PROBLEM DETAILS:
Nothing past the line containing "btn-success btn-sm float-right" belongs in the output. Copy exactly every line of the data below from the first up to and including it.

=== Begin Enclosure ===

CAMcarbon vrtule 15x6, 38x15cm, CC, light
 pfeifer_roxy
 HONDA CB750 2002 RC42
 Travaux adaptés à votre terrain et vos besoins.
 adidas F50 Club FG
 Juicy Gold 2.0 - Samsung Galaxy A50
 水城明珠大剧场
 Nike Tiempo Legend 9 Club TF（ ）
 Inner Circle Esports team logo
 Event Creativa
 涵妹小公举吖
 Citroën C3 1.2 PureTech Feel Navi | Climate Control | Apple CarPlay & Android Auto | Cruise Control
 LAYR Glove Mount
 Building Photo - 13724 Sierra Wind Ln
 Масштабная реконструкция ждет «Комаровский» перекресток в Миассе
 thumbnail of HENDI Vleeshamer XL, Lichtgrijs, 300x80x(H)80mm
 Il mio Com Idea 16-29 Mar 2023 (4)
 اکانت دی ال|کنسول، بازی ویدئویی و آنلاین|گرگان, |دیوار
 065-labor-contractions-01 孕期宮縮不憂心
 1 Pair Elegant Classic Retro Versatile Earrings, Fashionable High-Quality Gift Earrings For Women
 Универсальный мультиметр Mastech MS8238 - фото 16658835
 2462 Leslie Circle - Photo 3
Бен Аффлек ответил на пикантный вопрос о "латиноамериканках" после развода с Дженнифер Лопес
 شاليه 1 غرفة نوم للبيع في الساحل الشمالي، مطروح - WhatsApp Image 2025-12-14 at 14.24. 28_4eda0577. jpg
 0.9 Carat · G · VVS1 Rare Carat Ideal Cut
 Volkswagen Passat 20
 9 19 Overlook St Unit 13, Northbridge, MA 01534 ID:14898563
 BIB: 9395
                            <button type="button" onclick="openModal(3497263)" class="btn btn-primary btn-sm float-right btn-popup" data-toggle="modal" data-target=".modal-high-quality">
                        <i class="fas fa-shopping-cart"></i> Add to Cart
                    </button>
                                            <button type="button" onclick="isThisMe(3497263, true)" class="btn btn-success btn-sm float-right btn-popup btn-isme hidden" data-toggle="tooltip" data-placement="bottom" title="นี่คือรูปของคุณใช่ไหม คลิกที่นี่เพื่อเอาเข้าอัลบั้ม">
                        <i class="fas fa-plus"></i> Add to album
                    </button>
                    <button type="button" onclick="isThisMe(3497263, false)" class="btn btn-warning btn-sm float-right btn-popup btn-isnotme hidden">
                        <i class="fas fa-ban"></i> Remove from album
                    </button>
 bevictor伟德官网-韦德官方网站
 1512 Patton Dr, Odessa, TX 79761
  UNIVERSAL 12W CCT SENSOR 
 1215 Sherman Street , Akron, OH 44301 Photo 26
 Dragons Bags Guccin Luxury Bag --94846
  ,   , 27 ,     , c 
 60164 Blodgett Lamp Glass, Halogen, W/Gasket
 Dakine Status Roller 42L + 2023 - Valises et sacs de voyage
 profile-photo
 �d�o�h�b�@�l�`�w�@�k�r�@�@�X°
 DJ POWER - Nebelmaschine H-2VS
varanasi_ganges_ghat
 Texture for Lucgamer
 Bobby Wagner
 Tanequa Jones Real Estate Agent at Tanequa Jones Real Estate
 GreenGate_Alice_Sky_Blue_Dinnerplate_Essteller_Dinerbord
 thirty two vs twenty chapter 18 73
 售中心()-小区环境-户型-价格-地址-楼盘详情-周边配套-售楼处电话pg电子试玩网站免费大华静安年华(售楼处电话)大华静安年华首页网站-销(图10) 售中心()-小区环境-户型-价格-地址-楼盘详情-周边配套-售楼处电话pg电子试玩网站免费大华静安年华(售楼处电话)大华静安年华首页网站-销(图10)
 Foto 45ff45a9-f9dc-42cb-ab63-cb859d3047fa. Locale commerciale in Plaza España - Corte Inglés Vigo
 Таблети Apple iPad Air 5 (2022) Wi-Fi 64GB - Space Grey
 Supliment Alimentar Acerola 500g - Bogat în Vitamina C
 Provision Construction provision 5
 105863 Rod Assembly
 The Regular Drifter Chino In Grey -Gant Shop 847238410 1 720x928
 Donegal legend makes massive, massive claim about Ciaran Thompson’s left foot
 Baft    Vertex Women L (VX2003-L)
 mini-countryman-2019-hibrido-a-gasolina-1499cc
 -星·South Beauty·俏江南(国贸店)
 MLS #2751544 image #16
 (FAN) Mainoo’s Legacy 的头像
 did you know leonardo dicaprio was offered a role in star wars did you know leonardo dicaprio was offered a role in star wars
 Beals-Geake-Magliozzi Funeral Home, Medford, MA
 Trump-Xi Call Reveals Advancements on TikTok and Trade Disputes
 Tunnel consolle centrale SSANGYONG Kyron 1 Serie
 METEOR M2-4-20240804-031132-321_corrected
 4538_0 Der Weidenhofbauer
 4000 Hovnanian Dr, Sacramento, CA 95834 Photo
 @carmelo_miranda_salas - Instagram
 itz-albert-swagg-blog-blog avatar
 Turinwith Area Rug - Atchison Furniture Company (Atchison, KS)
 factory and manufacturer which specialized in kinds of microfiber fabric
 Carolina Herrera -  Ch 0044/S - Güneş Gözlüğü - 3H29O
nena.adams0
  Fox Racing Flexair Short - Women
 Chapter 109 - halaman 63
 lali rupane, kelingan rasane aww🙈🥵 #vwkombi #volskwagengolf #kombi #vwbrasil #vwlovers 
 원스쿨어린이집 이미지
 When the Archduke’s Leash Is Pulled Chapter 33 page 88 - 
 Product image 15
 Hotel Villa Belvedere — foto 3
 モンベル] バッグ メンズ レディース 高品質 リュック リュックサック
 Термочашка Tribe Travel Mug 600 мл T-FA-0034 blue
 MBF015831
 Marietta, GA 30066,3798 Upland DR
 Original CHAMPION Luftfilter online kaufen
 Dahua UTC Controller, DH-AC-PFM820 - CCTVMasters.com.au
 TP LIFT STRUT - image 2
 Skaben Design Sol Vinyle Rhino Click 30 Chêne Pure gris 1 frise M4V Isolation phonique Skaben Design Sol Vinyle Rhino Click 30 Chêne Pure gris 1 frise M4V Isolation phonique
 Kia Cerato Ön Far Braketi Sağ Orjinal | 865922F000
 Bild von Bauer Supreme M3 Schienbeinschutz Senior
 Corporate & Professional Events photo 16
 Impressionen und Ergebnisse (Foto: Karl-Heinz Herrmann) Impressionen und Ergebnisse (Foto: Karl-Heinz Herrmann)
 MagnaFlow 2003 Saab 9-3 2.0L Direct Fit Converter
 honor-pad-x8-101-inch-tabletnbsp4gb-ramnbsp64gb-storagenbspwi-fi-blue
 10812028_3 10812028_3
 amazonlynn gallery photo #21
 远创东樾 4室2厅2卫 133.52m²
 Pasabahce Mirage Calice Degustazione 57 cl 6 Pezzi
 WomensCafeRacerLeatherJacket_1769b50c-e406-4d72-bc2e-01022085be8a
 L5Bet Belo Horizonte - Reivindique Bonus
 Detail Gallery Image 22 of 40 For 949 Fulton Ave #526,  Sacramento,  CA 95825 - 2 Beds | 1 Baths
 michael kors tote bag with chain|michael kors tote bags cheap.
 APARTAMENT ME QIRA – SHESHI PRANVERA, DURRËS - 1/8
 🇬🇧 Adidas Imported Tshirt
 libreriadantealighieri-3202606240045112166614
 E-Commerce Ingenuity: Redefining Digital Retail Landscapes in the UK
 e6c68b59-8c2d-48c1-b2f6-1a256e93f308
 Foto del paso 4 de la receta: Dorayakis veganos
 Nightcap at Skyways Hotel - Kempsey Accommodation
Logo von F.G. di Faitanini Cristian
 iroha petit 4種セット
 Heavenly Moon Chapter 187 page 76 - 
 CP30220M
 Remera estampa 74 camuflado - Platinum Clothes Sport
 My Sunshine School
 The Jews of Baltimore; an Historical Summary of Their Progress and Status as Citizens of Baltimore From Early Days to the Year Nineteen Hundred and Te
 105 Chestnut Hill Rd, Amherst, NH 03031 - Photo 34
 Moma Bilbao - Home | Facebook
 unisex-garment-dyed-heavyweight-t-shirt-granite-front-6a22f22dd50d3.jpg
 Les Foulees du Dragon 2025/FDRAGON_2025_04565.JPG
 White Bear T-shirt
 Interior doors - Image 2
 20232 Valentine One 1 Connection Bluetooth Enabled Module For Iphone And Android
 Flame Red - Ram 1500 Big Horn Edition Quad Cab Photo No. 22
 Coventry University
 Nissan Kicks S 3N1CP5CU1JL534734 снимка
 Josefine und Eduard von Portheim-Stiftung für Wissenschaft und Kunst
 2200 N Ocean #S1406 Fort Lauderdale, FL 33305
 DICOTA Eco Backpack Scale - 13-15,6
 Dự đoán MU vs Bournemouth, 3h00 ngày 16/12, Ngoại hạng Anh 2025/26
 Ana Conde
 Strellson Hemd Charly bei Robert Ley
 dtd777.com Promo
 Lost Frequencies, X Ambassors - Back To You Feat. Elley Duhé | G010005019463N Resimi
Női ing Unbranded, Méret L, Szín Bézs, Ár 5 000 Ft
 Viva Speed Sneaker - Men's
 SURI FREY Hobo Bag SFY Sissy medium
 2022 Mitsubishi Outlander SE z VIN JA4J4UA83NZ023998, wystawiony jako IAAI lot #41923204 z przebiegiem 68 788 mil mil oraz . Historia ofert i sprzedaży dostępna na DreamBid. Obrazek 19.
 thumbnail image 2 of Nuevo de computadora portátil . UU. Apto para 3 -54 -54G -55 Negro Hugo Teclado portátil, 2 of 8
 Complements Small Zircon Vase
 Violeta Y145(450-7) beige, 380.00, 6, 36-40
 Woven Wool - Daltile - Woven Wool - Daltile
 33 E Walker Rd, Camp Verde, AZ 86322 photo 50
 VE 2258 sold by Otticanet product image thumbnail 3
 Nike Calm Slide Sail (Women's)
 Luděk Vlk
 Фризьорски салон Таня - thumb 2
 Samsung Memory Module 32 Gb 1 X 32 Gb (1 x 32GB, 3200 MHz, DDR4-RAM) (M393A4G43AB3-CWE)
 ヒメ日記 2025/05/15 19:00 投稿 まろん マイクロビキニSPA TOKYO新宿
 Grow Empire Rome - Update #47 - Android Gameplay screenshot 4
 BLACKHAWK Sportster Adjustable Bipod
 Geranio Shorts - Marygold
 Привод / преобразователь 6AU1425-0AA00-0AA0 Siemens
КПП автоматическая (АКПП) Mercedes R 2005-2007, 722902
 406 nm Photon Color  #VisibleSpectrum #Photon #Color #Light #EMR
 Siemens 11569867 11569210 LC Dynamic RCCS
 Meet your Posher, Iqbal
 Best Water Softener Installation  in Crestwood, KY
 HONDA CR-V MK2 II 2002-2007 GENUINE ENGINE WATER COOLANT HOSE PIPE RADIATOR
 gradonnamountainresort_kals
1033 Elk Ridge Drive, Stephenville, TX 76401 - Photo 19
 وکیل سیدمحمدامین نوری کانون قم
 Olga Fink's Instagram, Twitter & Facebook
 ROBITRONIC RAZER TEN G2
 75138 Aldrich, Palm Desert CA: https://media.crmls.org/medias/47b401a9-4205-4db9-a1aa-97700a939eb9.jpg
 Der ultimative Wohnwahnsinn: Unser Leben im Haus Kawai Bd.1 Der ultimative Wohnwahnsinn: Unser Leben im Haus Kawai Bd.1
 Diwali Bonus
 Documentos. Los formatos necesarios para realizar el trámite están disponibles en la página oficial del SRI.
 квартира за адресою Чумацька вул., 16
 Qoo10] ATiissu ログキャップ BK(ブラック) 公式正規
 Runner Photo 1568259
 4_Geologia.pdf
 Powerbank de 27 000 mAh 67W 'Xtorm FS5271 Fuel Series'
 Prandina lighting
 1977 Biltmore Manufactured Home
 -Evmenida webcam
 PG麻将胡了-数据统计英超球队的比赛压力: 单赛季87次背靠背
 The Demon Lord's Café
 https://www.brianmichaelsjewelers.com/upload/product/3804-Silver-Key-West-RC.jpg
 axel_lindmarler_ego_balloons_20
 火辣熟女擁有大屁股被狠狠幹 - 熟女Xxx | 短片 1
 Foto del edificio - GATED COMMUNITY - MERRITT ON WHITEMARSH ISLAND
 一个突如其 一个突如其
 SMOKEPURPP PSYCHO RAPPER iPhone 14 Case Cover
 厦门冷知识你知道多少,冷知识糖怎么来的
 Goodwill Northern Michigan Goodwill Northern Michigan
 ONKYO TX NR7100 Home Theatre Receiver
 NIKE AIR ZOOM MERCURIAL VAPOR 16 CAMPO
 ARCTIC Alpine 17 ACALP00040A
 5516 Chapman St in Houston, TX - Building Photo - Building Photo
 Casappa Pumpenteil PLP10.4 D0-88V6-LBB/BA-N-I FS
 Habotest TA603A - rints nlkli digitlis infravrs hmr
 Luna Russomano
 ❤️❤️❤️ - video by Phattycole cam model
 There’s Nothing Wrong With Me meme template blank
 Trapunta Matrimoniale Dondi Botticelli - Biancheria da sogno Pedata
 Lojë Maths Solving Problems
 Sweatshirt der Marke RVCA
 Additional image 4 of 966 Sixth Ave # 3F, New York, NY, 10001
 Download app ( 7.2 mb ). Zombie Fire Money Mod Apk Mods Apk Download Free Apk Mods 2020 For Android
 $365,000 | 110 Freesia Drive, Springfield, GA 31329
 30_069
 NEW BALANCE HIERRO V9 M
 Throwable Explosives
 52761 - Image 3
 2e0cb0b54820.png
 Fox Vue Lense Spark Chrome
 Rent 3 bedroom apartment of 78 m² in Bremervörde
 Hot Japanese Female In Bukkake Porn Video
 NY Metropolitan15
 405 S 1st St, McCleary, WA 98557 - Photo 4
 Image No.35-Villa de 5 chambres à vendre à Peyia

=== End Enclosure ===

OUTPUT OF THE TASK:
CAMcarbon vrtule 15x6, 38x15cm, CC, light
 pfeifer_roxy
 HONDA CB750 2002 RC42
 Travaux adaptés à votre terrain et vos besoins.
 adidas F50 Club FG
 Juicy Gold 2.0 - Samsung Galaxy A50
 水城明珠大剧场
 Nike Tiempo Legend 9 Club TF（ ）
 Inner Circle Esports team logo
 Event Creativa
 涵妹小公举吖
 Citroën C3 1.2 PureTech Feel Navi | Climate Control | Apple CarPlay & Android Auto | Cruise Control
 LAYR Glove Mount
 Building Photo - 13724 Sierra Wind Ln
 Масштабная реконструкция ждет «Комаровский» перекресток в Миассе
 thumbnail of HENDI Vleeshamer XL, Lichtgrijs, 300x80x(H)80mm
 Il mio Com Idea 16-29 Mar 2023 (4)
 اکانت دی ال|کنسول، بازی ویدئویی و آنلاین|گرگان, |دیوار
 065-labor-contractions-01 孕期宮縮不憂心
 1 Pair Elegant Classic Retro Versatile Earrings, Fashionable High-Quality Gift Earrings For Women
 Универсальный мультиметр Mastech MS8238 - фото 16658835
 2462 Leslie Circle - Photo 3
Бен Аффлек ответил на пикантный вопрос о "латиноамериканках" после развода с Дженнифер Лопес
 شاليه 1 غرفة نوم للبيع في الساحل الشمالي، مطروح - WhatsApp Image 2025-12-14 at 14.24. 28_4eda0577. jpg
 0.9 Carat · G · VVS1 Rare Carat Ideal Cut
 Volkswagen Passat 20
 9 19 Overlook St Unit 13, Northbridge, MA 01534 ID:14898563
 BIB: 9395
                            <button type="button" onclick="openModal(3497263)" class="btn btn-primary btn-sm float-right btn-popup" data-toggle="modal" data-target=".modal-high-quality">
                        <i class="fas fa-shopping-cart"></i> Add to Cart
                    </button>
                                            <button type="button" onclick="isThisMe(3497263, true)" class="btn btn-success btn-sm float-right btn-popup btn-isme hidden" data-toggle="tooltip" data-placement="bottom" title="นี่คือรูปของคุณใช่ไหม คลิกที่นี่เพื่อเอาเข้าอัลบั้ม">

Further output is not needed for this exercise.